It all begins with this question: Is a tomato a fruit or a vegetable?
The answer is “yes!” and “it depends.”
If we call a tomato a fruit, then there is no such thing as a vegetable. Nothing at all. Zip. Zilch. No vegetables.
Taking this approach first, botanically (and that is the key word), the part of the tomato we eat is a fruit. Taking it to the nth botanical degree, it’s a berry. A botanical “berry” is a fleshy fruit, which is really the ripened ovary of a plant (which is what a fruit is), with many seeds on the inside. Of course, with that botanical definition of a berry, many of our so-called berries such as strawberries, blackberries and raspberries really aren’t berries.
Many of our garden vegetables are actually fruits/berries: eggplant, cucumbers, squash, pumpkins, watermelons (though some of the specialized berries are called pep). Grapes are berries. Technically, so is a banana. A pepper is simply a fruit, the ripened fleshy ovary.
So, what are the so-called vegetables if they aren’t vegetables?
Well, carrots, beets and radishes are roots, lettuce and spinach are leaves, as are Brussels sprouts, cabbage and kale, and cauliflower and broccoli are flower buds. Potatoes are underground stems, though sweet potatoes are roots. Kohlrabi looks like a root, but is a swollen above-ground stem. Asparagus is a stem and so is rhubarb.
Peas and shelled beans are seeds, though they go by the technical name of caryopsis. Corn is a kernel. The ear or the pod with the pea or bean inside, though, is a fruit.
Apples, peaches, plums, cherries, etc. are also fruit, given specific names such as pomes or drupes (stone fruits) and aggregates include strawberries and the accessory berry of pineapples. My favorite is the fig’s mature synconium.
Whew! Too much?
The issue is the mixing of terms. Botany is a science and is almost black and white. The word “vegetable” botanically means the plant kingdom, but is really used as an adjective in front of other words and not as a noun.
Horticulturally, though, we lump plants into categories of fruits and vegetables, just like annuals and perennials, and trees and shrubs. Those are not always black and white. It’s not a science.
Horticulturally, we plant most vegetables annually and are usually eaten during the main course of the meal and not for dessert, such as tomato cake or a radish cobbler. Fruits tend to be perennial and grown on woody plants such as brambles, shrubs and trees, and often are used mainly for desserts, though sometimes in salads.

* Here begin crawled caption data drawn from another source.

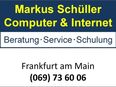 Computer & Internet - Beratung, Schulung & Service in Frankfurt am Main - Laptop Notebook PC Tablet Handy in 60326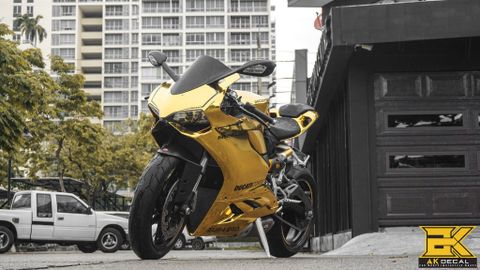  Tem xe Ducati Panigale 899 - 003 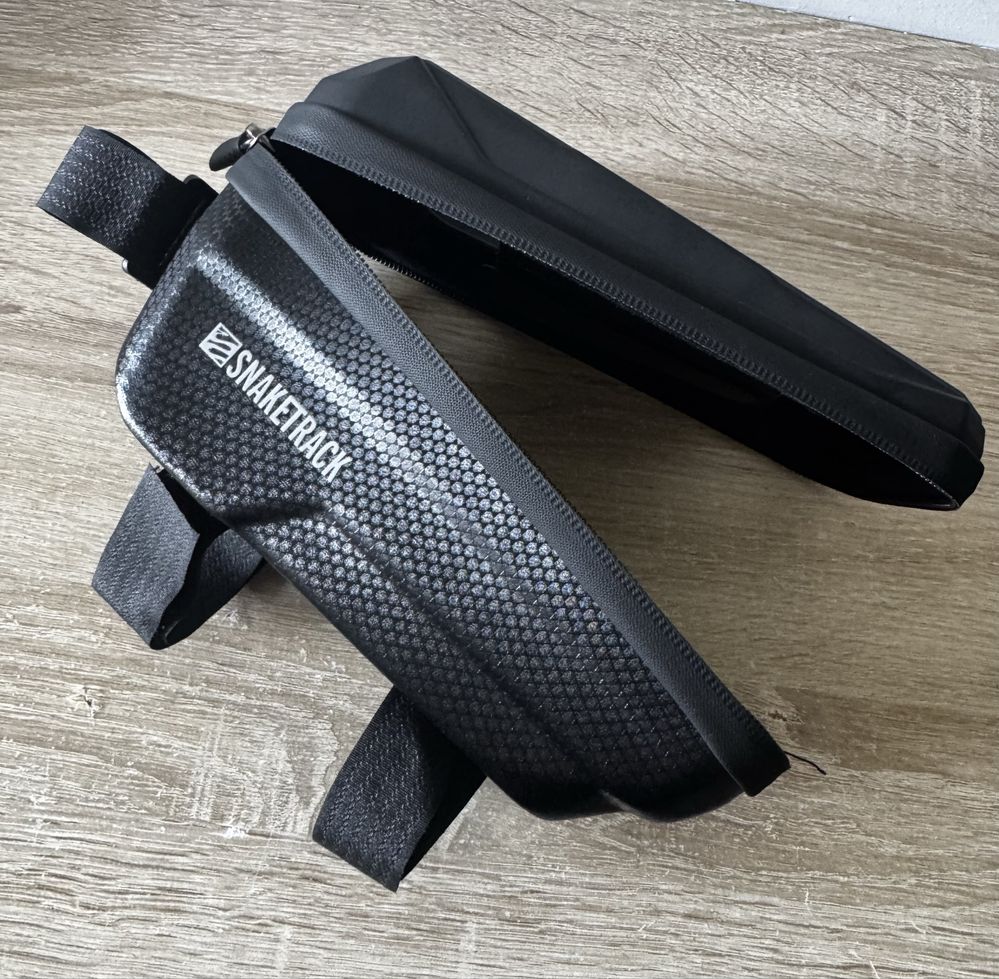 Torba rowerowa na rame Snake track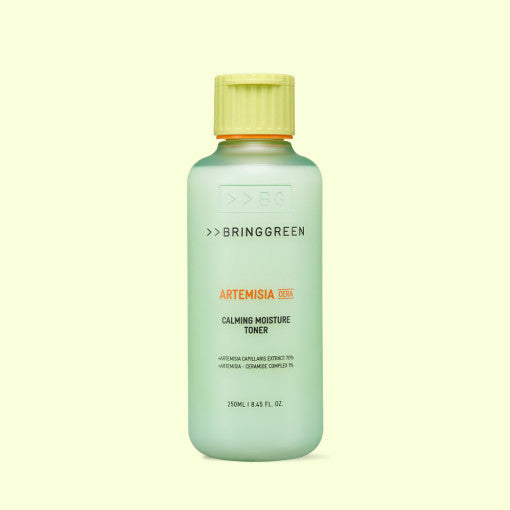 BRINGGREEN Artemisia Cera Calming Moisture Toner 250ml | Kool Seoul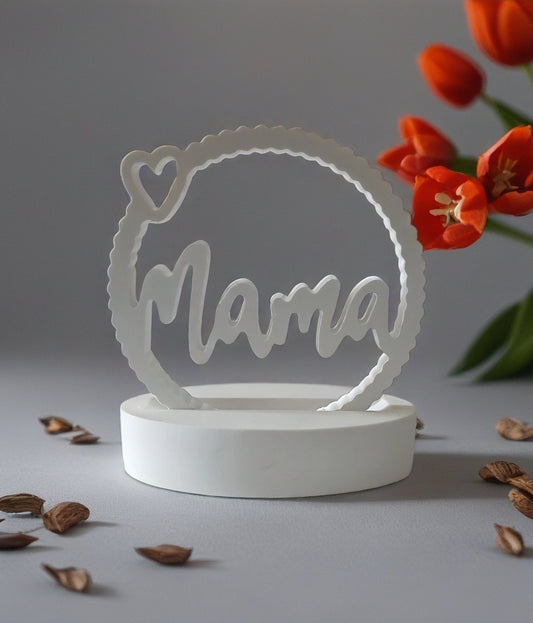 Dekoring Mama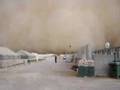 Tempestade de areia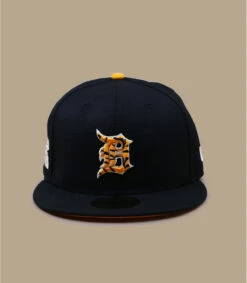NEW ERA Tiger Fill 5950 Detroit Tigers 8 NEW ERA Tiger Fill 5950 Detroit Tigers -New Era tiger fill 5950 detroit tigers 2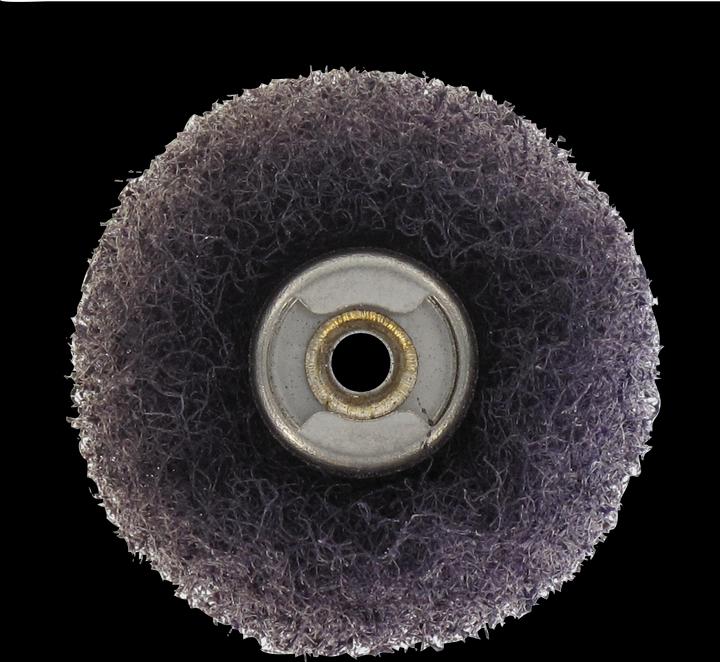 Actual product image Dremel Fine grinding discs fine Ø 25.0 mm, EZ SpeedClic compatible (2 pieces) (320)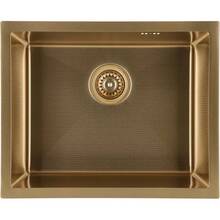 Мойка GRANADO Under Top Max STEEL S201 Gold (GS07201GoldH)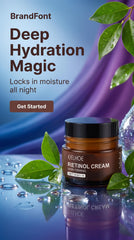 Vivo Per Lei Retinol Renewal Night Cream - 1.76 Oz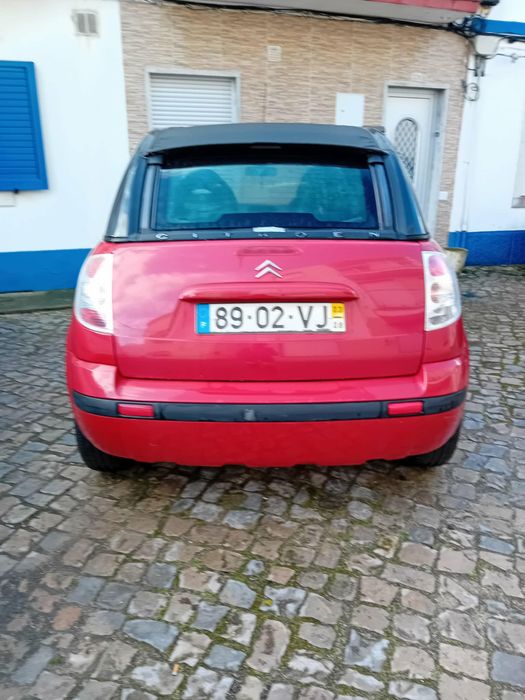 Citroen C3 Pluriel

There are perennial vegetables such as asparagus and rhubarb, with the latter used in desserts more than during the main course of the meal. We make pies out of pumpkins and squash, and fruit salads with watermelons and cantaloupes. Strawberries, while perennial, really aren’t grown on a woody plant. See? Not black and white.
Of course, the U.S. government got into the act clear back in the 1890s, when the U.S. Supreme Court declared, for tariff purposes, the tomato was a vegetable, but recognized it botanically as a fruit. It was a well-thought out concise three-page declaration.
Now, it’s your choice, but remember to be consistent across the board. Is the tomato a fruit or a vegetable?